- Glenmount Location of the Glenmount in Montreal
- Coordinates: 45°30′31″N 73°38′19″W﻿ / ﻿45.508659°N 73.638491°W
- Country: Canada
- Province: Quebec
- City: Montreal
- Borough: Côte-des-Neiges–Notre-Dame-de-Grâce

Area
- • Land: 0.3 km^{2} (0.12 sq mi)

Population
- • Total: 1,300
- • Density: 4,283.4/km^{2} (11,094/sq mi)
- Postal Code: H3P, H3R
- Area codes: 514, 438

= Glenmount, Montreal =

Glenmount (previously known as Mount Enterprises) is a small residential neighbourhood located in the borough of Côte-des-Neiges–Notre-Dame-de-Grâce in the city of Montreal. Glenmount is bordered by the Town of Mount Royal (TMR) to the north, east and west, and by Côte-des-Neiges, marked by Jean-Talon Boulevard and the Canadian Pacific railway tracks to its south. There are about 1,300 people who live in the 75 acre neighbourhood.

==History==
Originally a part of the Town of Mount Royal when it was founded in 1912, the area today known as Glenmount, would later split and merge into the city of Montreal. Named Mount Enterprises in 1946, the neighbourhood was renamed Glenmount in 1951 after Baron Strathcona of Glencoe and Mount Royal.

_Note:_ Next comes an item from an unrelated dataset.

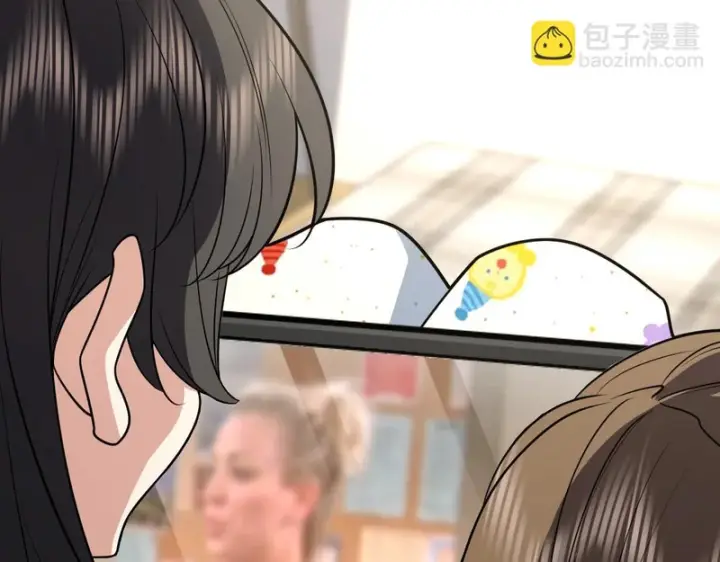《我家老婆来自一千年前》428图34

In 1985, the Quebec government rejected an effort by 1600 Glenmount homeowners to join TMR, on the basis that the city of Montreal would not be adequately compensated.

From 2002 to 2005, Glenmount was briefly a part of the former borough of Mount Royal, until the rest of the borough demerged, and Glenmount joined Côte-des-Neiges–Notre-Dame-de-Grâce.

==Merger proposal with TMR==
According to the Glemount Community Association, 98% of citizens in the neighbourhood would prefer to be part of the Town of Mount Royal rather than the city of Montreal. Citizens in the area claim to be physically isolated from the rest of their Montreal borough, due to the border created by Jean-Talon Boulevard and the CP Rail tracks. They believe that their inclusion in the city of Montreal was an error, and they claim to participate in community life to a greater extent with their Town of Mount Royal neighbours.

==Points of interest==
- Canora commuter rail station of the Réseau de transport métropolitain.